Wow! Queen Elizabeth II, Elton John and Lady Gaga all in one week. Will my head explode? HRH took a stroll through Queen’s Park last Tuesday, while his Elton-ness attended Her Royal Gaga’s Monster Ball at the Air Canada Centre last night. Sad to say, the sound was terrible in the upper seats. I could hardly understand a word Gaga said, though the lower realms responded with something like ferocity at her every statement. I got a small taste of what it must have been like to experience Beatlemania, or perhaps a Nuremberg rally, but the frenzy was largely contained once the concert began and things began to feel more like a large house party with a very likeable, though rather ordinary looking hostess, apart from the fantastical costumes.

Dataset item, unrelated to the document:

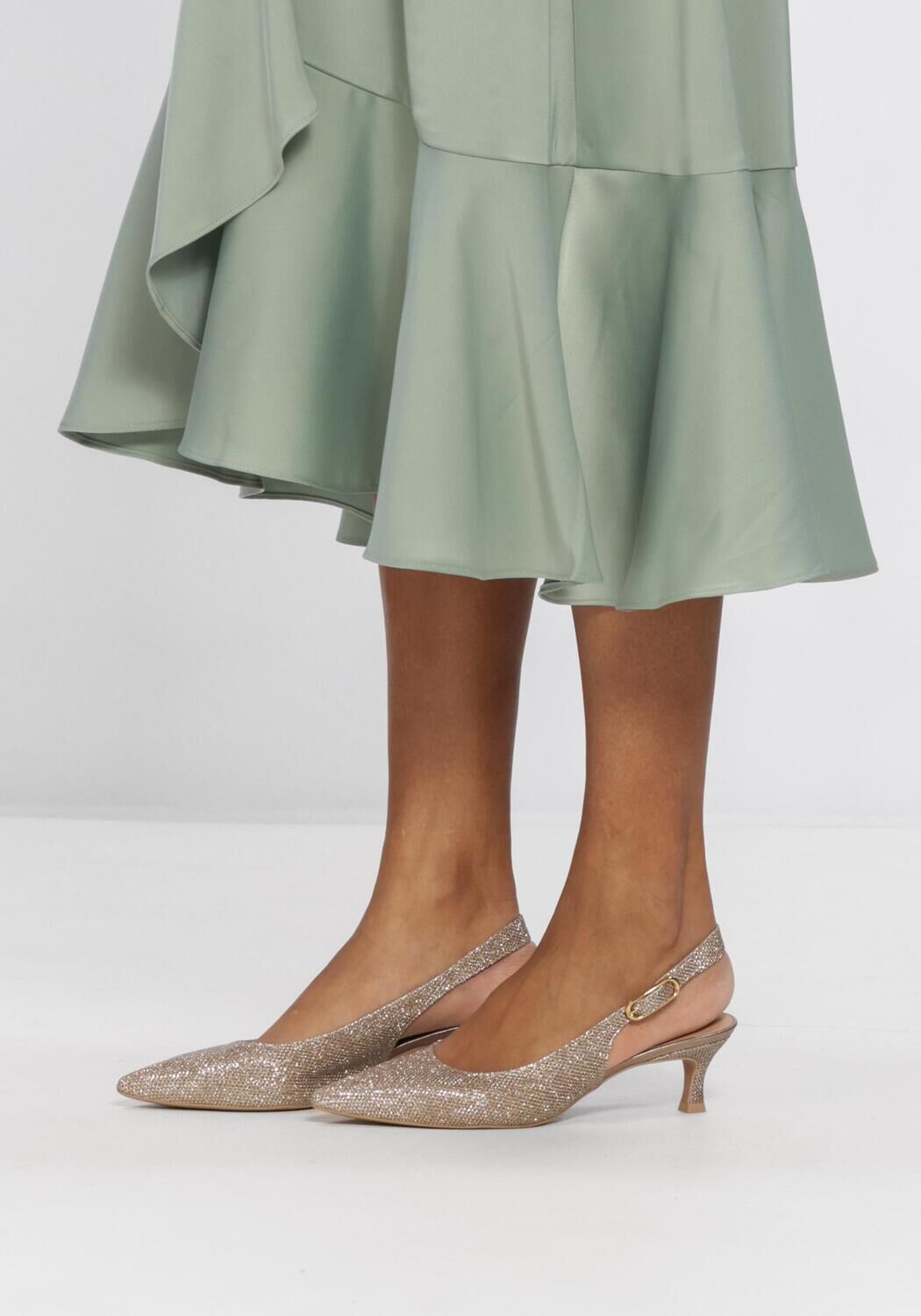 Goldfarbig UNISA Slingbacks IBON - large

Starstruck? Moi? Not bloody likely. I’ve seen my share of stars in the entertainment world, and even worked with a few, but I feel no razzle-dazzle when I meet them. There are, however, a handful of celebrities I would go out of my way to see, and Queen Elizabeth II is one. Save your Kennedys, take your Tom Cruises and Julia Roberts—watching the queen descend the steps of Queen’s Park and stroll around the grounds greeting people today was real glamour. And while I may be part of a generation that has grown cynical of politics and figureheads, Queen Elizabeth has been a significant figure for my entire life. It was her picture on the walls I saluted in public school and her broadcasts I still listen for at Christmastime as part of a handful of traditions that hold meaning for me. Stoical, well-mannered, gracious, and seemingly indefatigable, at 84 she is the living embodiment of what a grand monarch can be. God Save The Queen!
Naming The Bones by Louise Welsh (2010 Canongate)

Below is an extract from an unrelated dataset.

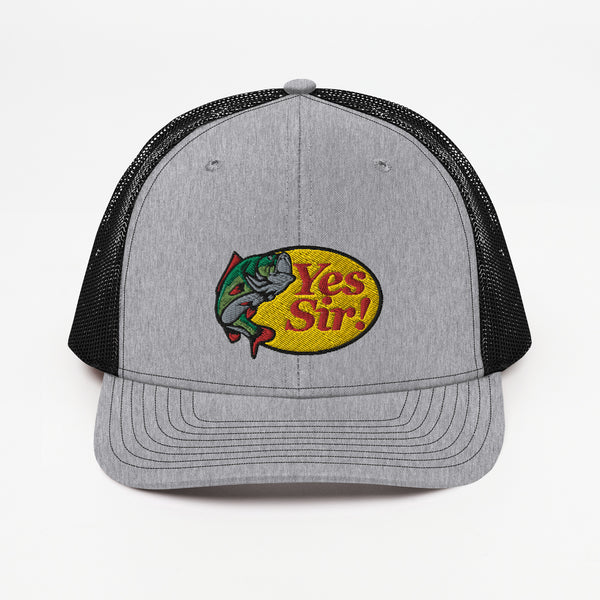 Yessir! Fishin Trucker Cap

This long-awaited fourth volume by one of the more interesting contemporary writers is yet another deviation from her previous books. It seems everything Welsh sets out to write is a foray into fresh fields, as though each volume completes one journey and paves the way for another. In the current book, Murray Watson, a would-be biographer of a little known Scottish poet named Archie Lunan, tracks his long-dead quarry into the past and makes some startling discoveries. With its emphasis on atmosphere—ruined castles, semi-deserted islands, and even sinkholes—it’s more of a gothic novel crossed with an almost-traditional mystery. Almost, in that a good number of the mysteries are left inconclusive at the book’s end. There’s a bit of fun name-play—Watson, as in the bumbling Dr. Watson, Lunan as in poetic ‘lunacy,’ a mysterious former-mistress named Graves whose secret is literally buried, and even a foe named Baine. Frankly, I would have been tempted to dismiss this book early on if I hadn’t been aware of the incisive intellect behind it. It feels as though someone said to Welsh, “Enough with the brilliance, Louise; how about writing something the rest of us will understand?” I suspect with this book Welsh is heading stolidly toward the mainstream, and no doubt it will take her there, but it may leave fans of her previous volumes bewildered at best and disappointed at worst.